Activity ::
Please retype the records below exactly, omitting any images.

[Items from a data source]
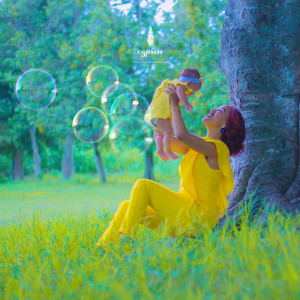 Dengarkan lagu 출산 후 엄마에게 드리는 좋은 잠음악 Sleepy Music For Mother Who Brought A Life Into This World nyanyian 사이프러스 dengan lirik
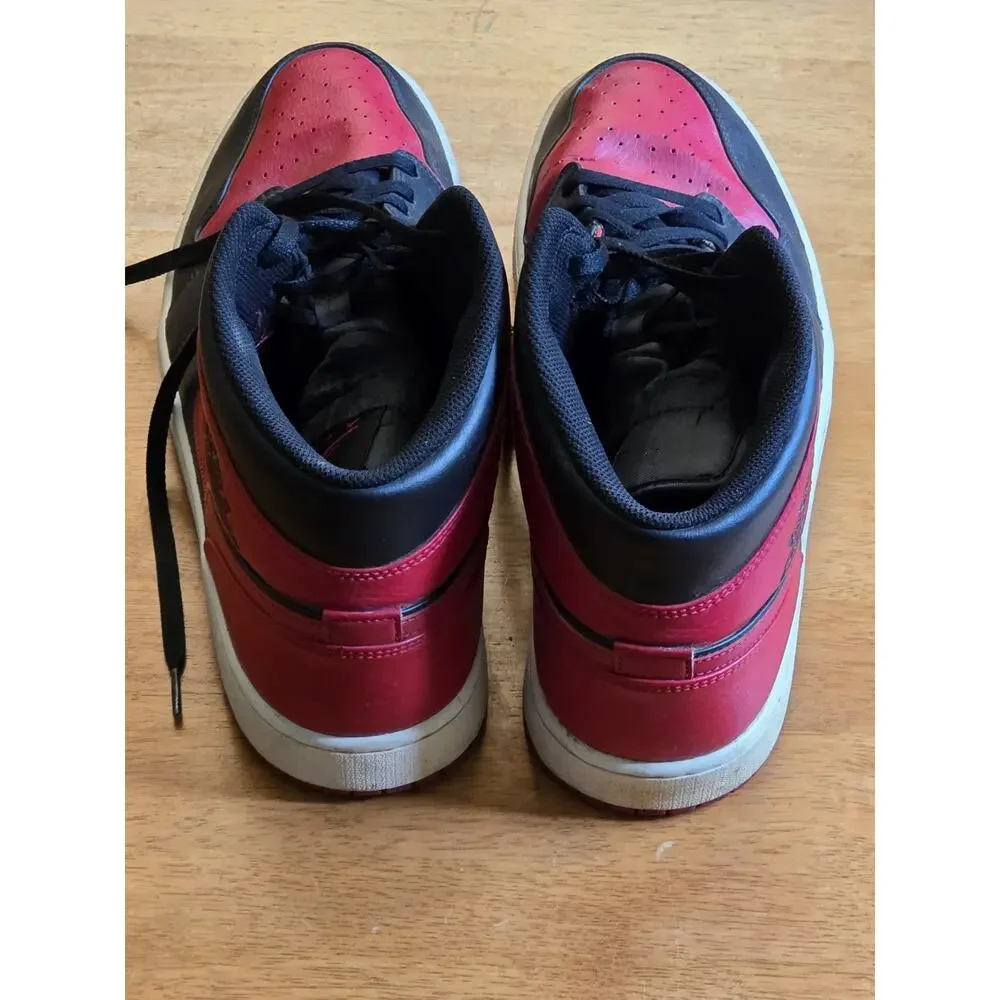 Air Jordan 1 Mid 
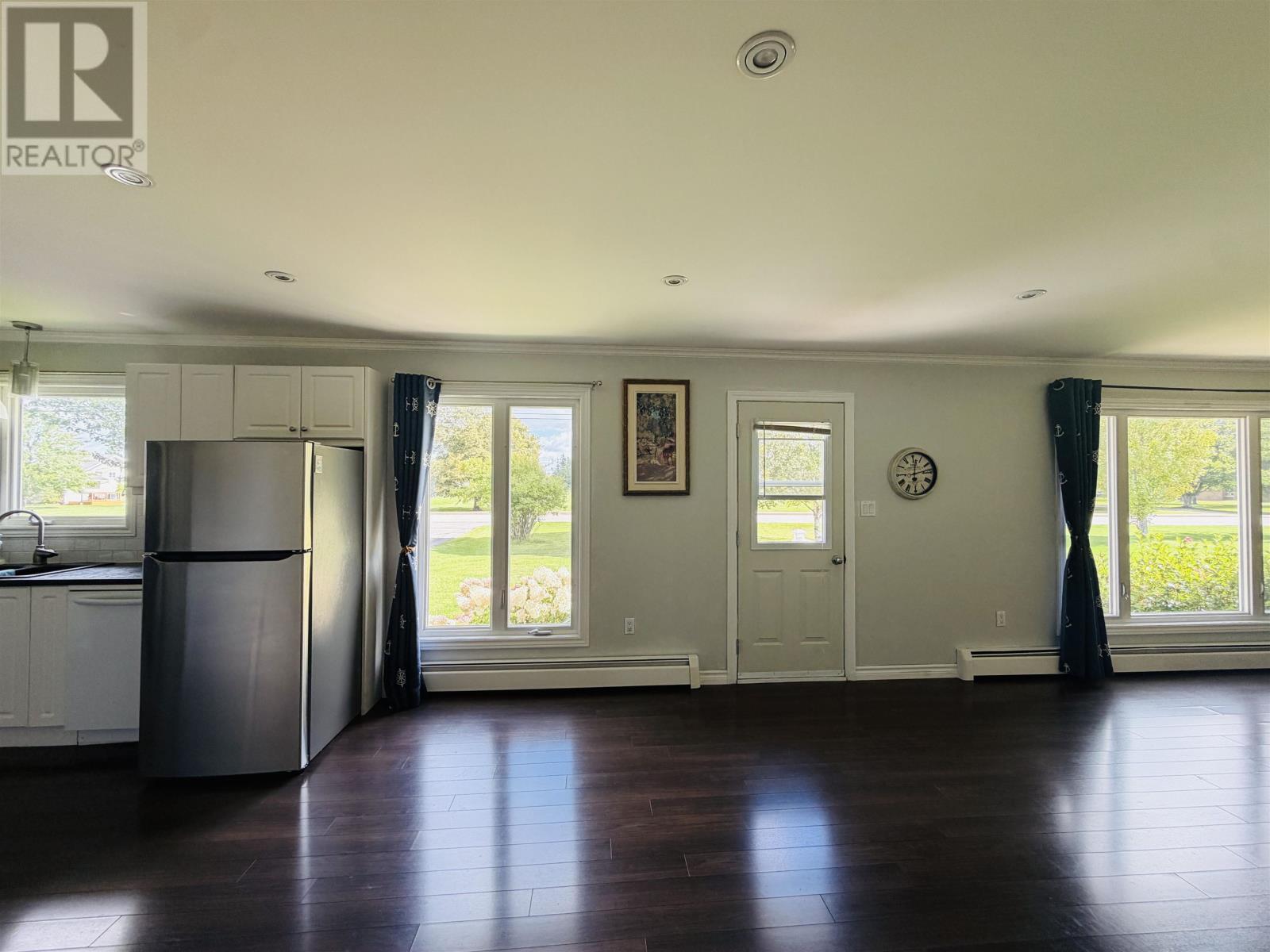 424 Macintyre Avenue, Montague, Prince Edward Island  C0A 1R0 - Photo 5 - 202623471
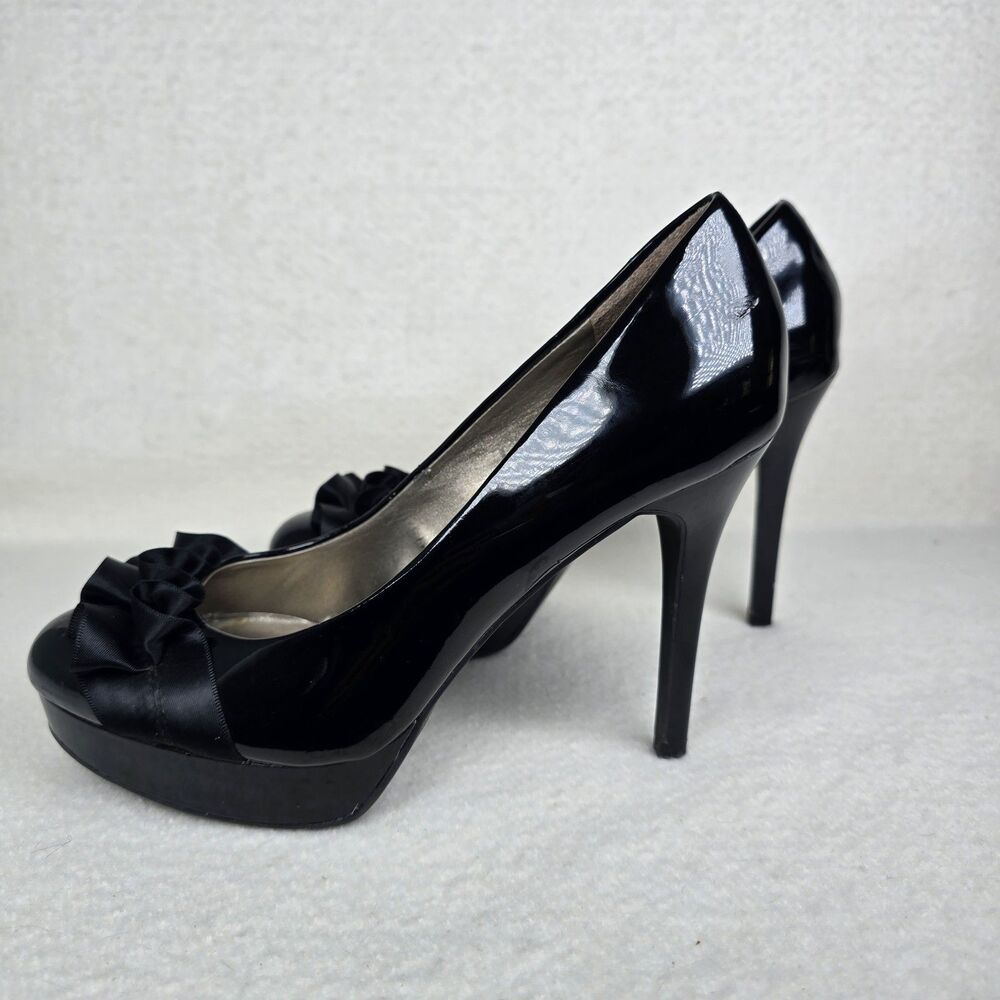 Carlos Santana Black Patent Leather Stiletto Heels Ruffle Classy 6.5 Priceless - Picture 4 of 8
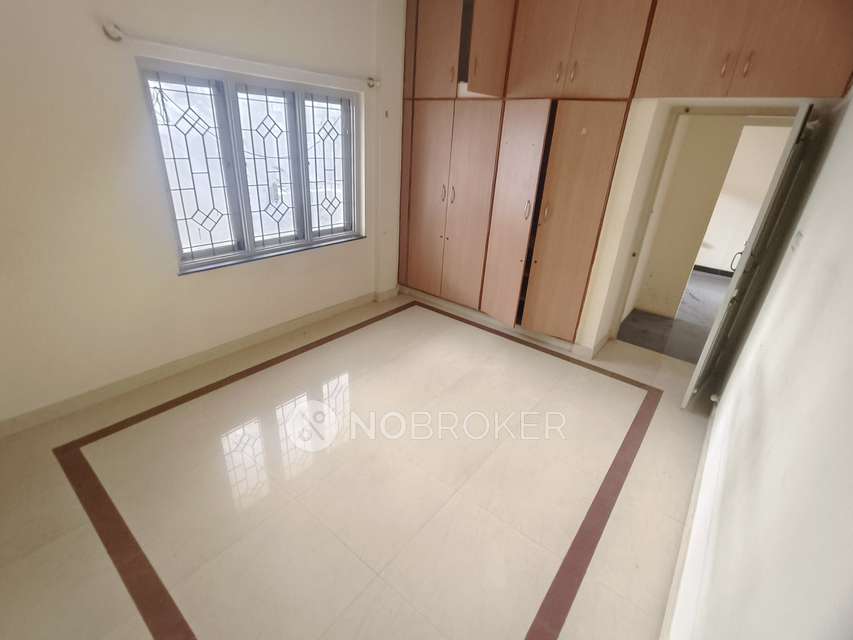 4+ BHK House For Sale  In 41, 34th Main Rd, Vysya Bank Colony, Tmc Layout, 1st Phase, J. P. Nagar, 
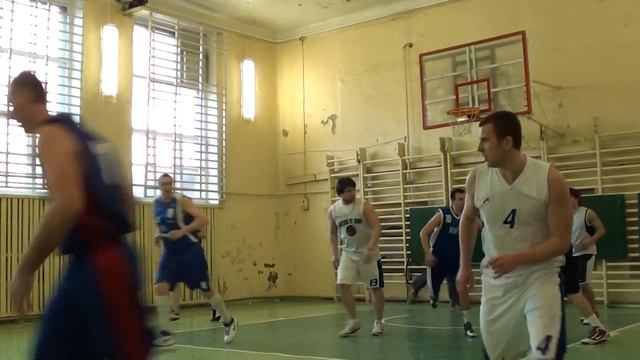 Ветераны - Ветераны 2 (1 четверть) УрГУ Баскетбол 2011 смотреть онлайн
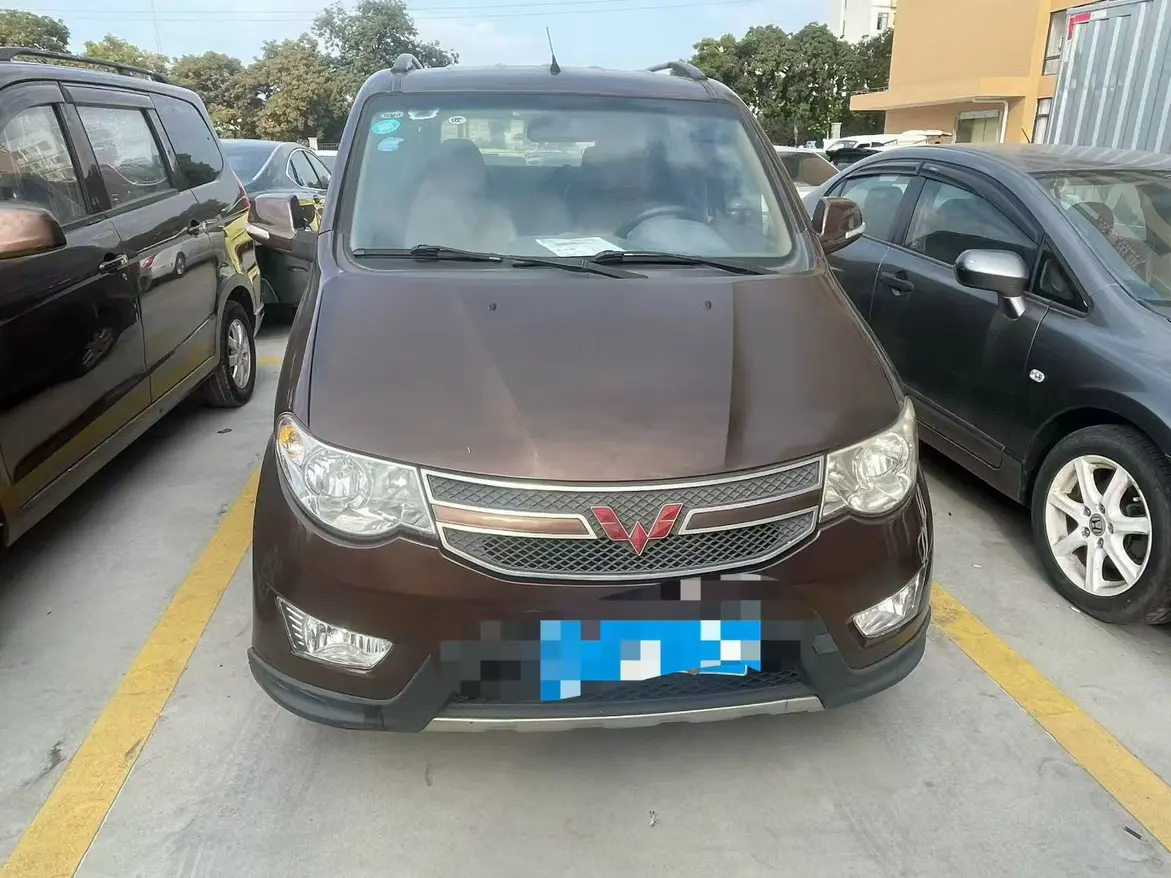 Wuling Hongguang  из Китая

Task output ::
 Dengarkan lagu 출산 후 엄마에게 드리는 좋은 잠음악 Sleepy Music For Mother Who Brought A Life Into This World nyanyian 사이프러스 dengan lirik
 Air Jordan 1 Mid 
 424 Macintyre Avenue, Montague, Prince Edward Island  C0A 1R0 - Photo 5 - 202623471
 Carlos Santana Black Patent Leather Stiletto Heels Ruffle Classy 6.5 Priceless - Picture 4 of 8
 4+ BHK House For Sale  In 41, 34th Main Rd, Vysya Bank Colony, Tmc Layout, 1st Phase, J. P. Nagar, 
 Ветераны - Ветераны 2 (1 четверть) УрГУ Баскетбол 2011 смотреть онлайн
 Wuling Hongguang  из Китая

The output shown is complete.